Doug gave me the keys and said, “No charge”.  I spent the first night at a hotel in Portsmouth.  I woke up to the news of the Olympic Park bombing.  Then I drove to Maine.  I was told Alley had a home in Islesboro and that she organized local softball games.

My first night I went out for an evening walk and within a few houses came upon a ball diamond.  It was then that I heard someone yelling hello and looked to see her standing on a big porch.  We chatted across the ball field for a few minutes.  She knew I was staying at the Carmichael place.  Heck, everyone on the island knew there was someone at the old Carmichael Place.  And within a few days, everyone knew I was a TV reporter from Syracuse.  Thank you, Kirstie.

I would also speak with her at the coffee shop.  She would come in and gorge herself on ice cream.  One day there were two French Canadians at the counter and her kids, who were young at the time, were curious about the French speakers.  She explained the two cultures.  I was wearing a Toronto Maple Leafs cap and the kids wanted to know why I wasn’t speaking French.  She gave them a geography lesson.

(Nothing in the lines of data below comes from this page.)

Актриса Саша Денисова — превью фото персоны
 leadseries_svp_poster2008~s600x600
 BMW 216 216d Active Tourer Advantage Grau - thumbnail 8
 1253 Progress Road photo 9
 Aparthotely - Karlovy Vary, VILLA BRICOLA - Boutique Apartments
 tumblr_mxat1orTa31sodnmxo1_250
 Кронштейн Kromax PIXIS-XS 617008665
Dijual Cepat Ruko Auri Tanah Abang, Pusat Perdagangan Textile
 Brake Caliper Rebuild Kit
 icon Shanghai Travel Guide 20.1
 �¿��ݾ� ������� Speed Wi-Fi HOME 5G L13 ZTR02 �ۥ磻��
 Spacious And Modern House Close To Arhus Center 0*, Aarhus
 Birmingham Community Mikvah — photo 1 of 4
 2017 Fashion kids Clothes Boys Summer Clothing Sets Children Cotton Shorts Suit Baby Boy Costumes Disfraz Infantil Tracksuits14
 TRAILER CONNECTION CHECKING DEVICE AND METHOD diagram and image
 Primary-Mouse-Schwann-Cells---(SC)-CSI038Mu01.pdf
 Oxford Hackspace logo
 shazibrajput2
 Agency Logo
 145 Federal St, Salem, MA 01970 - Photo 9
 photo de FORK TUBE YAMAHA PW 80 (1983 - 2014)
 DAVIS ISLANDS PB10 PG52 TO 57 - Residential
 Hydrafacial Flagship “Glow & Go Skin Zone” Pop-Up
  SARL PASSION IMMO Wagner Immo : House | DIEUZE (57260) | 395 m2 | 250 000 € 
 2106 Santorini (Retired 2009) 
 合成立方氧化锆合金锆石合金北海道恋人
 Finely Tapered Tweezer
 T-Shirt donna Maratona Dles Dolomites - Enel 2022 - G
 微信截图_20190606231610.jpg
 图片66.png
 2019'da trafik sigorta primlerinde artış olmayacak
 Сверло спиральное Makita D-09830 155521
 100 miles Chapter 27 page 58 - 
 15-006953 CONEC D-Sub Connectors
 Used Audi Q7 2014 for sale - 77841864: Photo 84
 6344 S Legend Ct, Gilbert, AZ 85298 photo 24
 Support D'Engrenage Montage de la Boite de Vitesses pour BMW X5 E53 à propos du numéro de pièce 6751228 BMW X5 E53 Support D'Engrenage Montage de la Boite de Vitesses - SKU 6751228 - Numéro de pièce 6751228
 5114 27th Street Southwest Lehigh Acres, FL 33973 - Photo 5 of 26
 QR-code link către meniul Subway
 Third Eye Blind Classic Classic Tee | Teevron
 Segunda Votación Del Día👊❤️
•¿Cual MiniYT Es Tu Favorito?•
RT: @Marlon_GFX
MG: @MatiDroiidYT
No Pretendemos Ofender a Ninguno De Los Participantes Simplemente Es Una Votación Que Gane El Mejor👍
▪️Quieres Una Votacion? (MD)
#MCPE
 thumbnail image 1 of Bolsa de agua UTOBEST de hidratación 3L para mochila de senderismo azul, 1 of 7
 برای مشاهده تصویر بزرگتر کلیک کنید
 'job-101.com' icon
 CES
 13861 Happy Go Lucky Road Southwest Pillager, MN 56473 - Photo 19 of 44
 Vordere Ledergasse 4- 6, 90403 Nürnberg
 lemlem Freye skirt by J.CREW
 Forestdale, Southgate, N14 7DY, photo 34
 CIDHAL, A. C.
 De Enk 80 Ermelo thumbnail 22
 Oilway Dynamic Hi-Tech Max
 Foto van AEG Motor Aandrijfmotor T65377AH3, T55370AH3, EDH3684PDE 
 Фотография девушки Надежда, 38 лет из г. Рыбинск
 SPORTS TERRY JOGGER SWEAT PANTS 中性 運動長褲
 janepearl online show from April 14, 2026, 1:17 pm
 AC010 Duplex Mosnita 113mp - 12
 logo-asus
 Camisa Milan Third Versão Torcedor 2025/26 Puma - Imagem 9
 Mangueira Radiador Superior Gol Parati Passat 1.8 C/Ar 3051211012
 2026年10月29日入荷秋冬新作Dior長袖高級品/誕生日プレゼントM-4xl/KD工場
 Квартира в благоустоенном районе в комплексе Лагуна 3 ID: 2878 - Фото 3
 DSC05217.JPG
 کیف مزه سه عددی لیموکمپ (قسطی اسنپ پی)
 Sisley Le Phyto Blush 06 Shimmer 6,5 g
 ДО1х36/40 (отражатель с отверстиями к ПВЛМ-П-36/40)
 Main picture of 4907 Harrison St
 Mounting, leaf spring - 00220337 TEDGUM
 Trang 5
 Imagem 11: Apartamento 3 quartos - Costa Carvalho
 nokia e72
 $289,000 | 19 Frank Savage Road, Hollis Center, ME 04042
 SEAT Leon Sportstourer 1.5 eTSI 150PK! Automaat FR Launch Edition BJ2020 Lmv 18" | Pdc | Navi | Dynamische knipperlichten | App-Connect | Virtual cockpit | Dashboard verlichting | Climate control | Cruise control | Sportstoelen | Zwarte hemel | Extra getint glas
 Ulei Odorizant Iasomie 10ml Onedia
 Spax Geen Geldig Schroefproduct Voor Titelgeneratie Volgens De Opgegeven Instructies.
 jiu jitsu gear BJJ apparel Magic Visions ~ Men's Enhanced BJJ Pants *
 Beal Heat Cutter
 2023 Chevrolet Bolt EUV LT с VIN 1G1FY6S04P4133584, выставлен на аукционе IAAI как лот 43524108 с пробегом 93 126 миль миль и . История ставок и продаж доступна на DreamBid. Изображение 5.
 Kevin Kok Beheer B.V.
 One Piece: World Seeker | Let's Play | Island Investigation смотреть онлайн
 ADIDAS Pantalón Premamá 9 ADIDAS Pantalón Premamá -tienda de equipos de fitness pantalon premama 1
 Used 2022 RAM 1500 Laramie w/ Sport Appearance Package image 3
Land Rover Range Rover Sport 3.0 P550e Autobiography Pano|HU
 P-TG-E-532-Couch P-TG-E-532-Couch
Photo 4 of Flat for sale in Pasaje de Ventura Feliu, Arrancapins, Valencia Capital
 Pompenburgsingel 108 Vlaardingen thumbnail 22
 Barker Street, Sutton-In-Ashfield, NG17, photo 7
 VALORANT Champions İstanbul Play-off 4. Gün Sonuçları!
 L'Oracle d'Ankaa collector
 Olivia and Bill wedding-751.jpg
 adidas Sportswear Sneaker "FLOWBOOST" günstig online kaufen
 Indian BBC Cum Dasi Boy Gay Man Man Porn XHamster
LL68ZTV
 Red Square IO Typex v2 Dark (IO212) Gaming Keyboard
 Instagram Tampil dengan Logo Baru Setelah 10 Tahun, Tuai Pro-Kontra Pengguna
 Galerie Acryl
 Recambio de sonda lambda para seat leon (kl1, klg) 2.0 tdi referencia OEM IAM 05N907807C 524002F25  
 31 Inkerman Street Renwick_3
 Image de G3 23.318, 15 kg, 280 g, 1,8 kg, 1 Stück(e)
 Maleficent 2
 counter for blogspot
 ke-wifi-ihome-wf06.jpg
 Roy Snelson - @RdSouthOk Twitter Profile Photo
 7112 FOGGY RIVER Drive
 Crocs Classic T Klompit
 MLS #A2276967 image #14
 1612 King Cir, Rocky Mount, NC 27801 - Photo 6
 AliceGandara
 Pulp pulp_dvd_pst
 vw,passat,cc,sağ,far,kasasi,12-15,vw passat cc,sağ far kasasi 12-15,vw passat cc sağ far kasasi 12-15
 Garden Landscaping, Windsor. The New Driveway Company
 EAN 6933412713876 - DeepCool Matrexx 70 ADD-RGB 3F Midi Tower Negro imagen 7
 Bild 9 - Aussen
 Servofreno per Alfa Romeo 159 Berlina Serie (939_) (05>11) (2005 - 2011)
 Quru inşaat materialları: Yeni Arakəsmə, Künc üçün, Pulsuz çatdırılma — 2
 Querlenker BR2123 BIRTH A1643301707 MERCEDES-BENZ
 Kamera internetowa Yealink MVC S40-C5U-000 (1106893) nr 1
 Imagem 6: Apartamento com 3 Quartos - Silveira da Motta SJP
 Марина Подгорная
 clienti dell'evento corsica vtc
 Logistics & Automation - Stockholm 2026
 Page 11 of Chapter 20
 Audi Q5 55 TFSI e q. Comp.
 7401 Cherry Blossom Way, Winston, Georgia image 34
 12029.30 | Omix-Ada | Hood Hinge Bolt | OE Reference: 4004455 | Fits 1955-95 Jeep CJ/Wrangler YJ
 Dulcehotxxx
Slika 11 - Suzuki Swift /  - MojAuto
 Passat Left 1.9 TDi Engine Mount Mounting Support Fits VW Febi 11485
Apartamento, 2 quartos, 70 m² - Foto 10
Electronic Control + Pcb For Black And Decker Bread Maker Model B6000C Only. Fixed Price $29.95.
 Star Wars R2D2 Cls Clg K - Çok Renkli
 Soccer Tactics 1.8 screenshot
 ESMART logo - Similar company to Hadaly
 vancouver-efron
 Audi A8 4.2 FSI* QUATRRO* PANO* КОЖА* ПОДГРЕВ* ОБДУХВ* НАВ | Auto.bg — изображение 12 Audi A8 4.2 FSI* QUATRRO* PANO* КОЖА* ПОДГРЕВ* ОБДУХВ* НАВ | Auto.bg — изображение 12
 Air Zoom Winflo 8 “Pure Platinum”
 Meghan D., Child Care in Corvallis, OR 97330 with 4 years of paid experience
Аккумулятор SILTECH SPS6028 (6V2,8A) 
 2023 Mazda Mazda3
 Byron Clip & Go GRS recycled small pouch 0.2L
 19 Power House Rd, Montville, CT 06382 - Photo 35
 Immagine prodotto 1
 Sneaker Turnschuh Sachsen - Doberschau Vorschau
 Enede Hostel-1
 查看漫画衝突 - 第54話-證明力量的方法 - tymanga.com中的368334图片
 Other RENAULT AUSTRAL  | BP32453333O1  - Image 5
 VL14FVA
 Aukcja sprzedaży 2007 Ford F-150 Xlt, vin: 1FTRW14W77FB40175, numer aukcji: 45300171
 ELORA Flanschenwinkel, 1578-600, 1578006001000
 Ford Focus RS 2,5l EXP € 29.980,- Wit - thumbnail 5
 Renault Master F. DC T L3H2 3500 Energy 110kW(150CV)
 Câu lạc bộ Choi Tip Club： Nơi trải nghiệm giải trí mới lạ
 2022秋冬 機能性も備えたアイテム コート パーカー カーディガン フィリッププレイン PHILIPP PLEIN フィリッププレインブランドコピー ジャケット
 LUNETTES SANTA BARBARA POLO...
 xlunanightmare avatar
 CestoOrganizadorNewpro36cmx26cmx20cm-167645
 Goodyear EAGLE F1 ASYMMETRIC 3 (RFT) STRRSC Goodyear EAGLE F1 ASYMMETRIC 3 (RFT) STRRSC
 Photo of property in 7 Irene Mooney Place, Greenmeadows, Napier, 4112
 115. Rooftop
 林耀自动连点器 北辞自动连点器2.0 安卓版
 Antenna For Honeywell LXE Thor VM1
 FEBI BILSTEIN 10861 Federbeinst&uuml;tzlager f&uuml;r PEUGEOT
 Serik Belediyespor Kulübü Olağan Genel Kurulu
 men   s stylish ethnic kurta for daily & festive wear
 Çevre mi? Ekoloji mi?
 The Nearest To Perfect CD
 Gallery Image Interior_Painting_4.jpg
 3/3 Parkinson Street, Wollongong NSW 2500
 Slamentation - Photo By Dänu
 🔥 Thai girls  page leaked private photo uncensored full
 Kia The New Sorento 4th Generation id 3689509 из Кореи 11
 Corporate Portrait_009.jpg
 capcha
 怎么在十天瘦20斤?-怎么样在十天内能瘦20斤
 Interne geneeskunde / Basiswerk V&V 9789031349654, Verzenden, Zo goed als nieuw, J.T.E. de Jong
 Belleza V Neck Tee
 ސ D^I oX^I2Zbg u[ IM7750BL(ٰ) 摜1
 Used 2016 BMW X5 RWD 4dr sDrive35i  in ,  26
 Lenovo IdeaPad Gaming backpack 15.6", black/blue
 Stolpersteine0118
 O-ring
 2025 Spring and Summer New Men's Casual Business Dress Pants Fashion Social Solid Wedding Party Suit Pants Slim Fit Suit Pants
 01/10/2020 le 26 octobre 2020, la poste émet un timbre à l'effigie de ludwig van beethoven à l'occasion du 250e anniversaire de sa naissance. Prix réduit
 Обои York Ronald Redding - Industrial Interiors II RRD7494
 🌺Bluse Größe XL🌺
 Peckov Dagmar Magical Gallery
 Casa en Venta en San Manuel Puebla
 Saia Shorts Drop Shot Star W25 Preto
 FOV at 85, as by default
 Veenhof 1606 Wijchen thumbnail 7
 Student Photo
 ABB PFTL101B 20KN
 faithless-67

Now, it’s not like she remembered our talks that week.  What I remember is a glamorous screen star who came across as a sister or a cousin.  After all, she was simply a girl from Kansas.

Next week back at the office I told everyone about the encounter.  One day, a story crossed the wire and said she and her husband would be divorcing.  There were a lot of jokes, but all I can say is the woman was the salt of the earth.  She made me feel like a neighbor during a trying time in my life.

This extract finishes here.